Leaving out all images, write out the records that follow exactly.

##### MATERIAL TO PROCESS #####

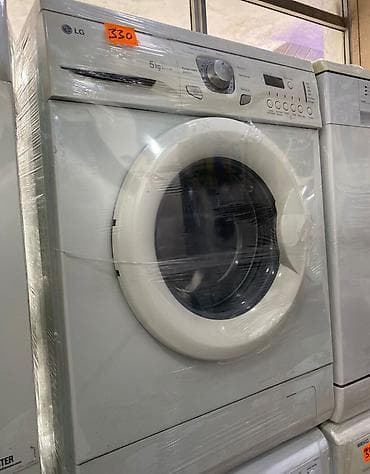 Paltaryuyan maşın LG, 5 kq, Avtomat, Qurutmasız, Kredit yoxdur — 1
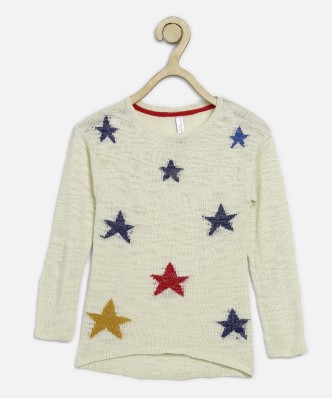 sweater for girls on flipkart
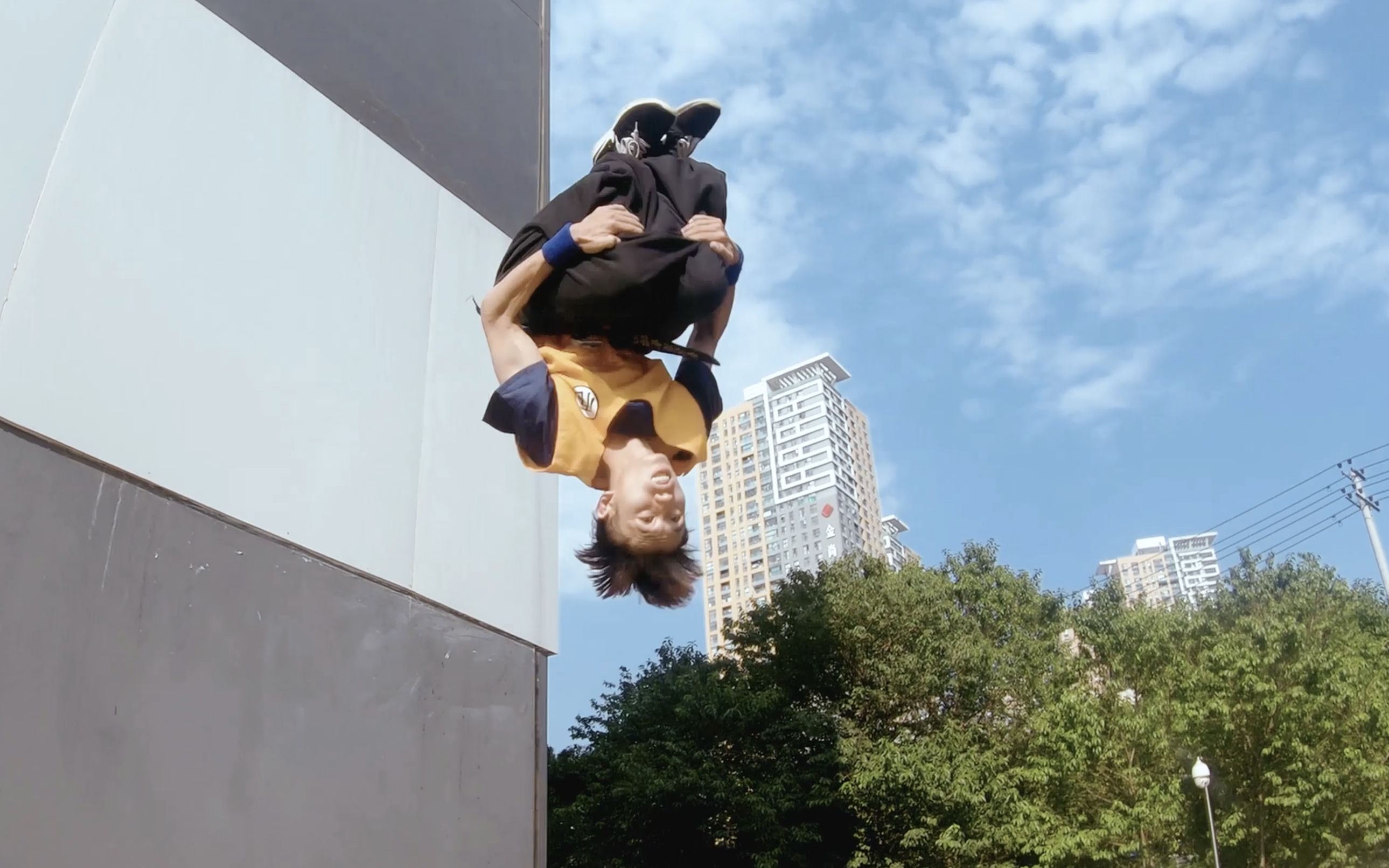 昆明跑酷运动员"张程"(小枫)2019夏季合集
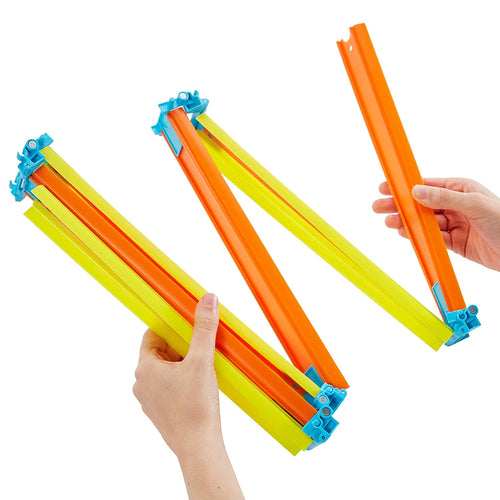 Hot Wheels Track Builder Fold Up Track Pack Assorted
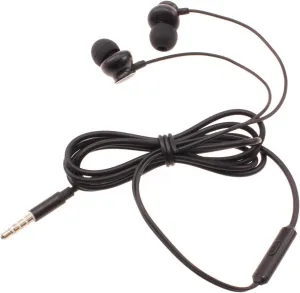 Wired Earphones Hi-Fi Sound Headphones Handsfree Mic Headset Metal Earbuds Compatible with Lively Jitterbug Smart3
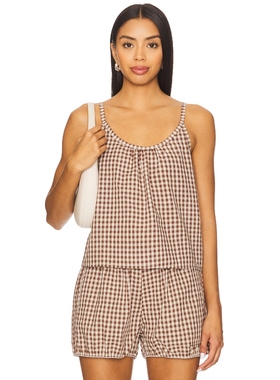 [冬季内搭]Rat Boi KEYHOLE 贴身背心/内衣棕色辣妹风REVOLVE新款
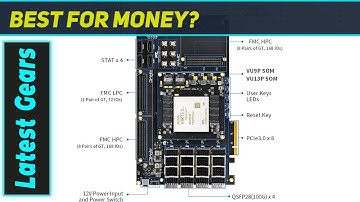 Unleash Insane Power: AMD Xilinx VU13P FPGA Dev Board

#####

SOLVED EXERCISE:
 Paltaryuyan maşın LG, 5 kq, Avtomat, Qurutmasız, Kredit yoxdur — 1
 sweater for girls on flipkart
 昆明跑酷运动员"张程"(小枫)2019夏季合集
 Hot Wheels Track Builder Fold Up Track Pack Assorted
 Wired Earphones Hi-Fi Sound Headphones Handsfree Mic Headset Metal Earbuds Compatible with Lively Jitterbug Smart3
 [冬季内搭]Rat Boi KEYHOLE 贴身背心/内衣棕色辣妹风REVOLVE新款
 Unleash Insane Power: AMD Xilinx VU13P FPGA Dev Board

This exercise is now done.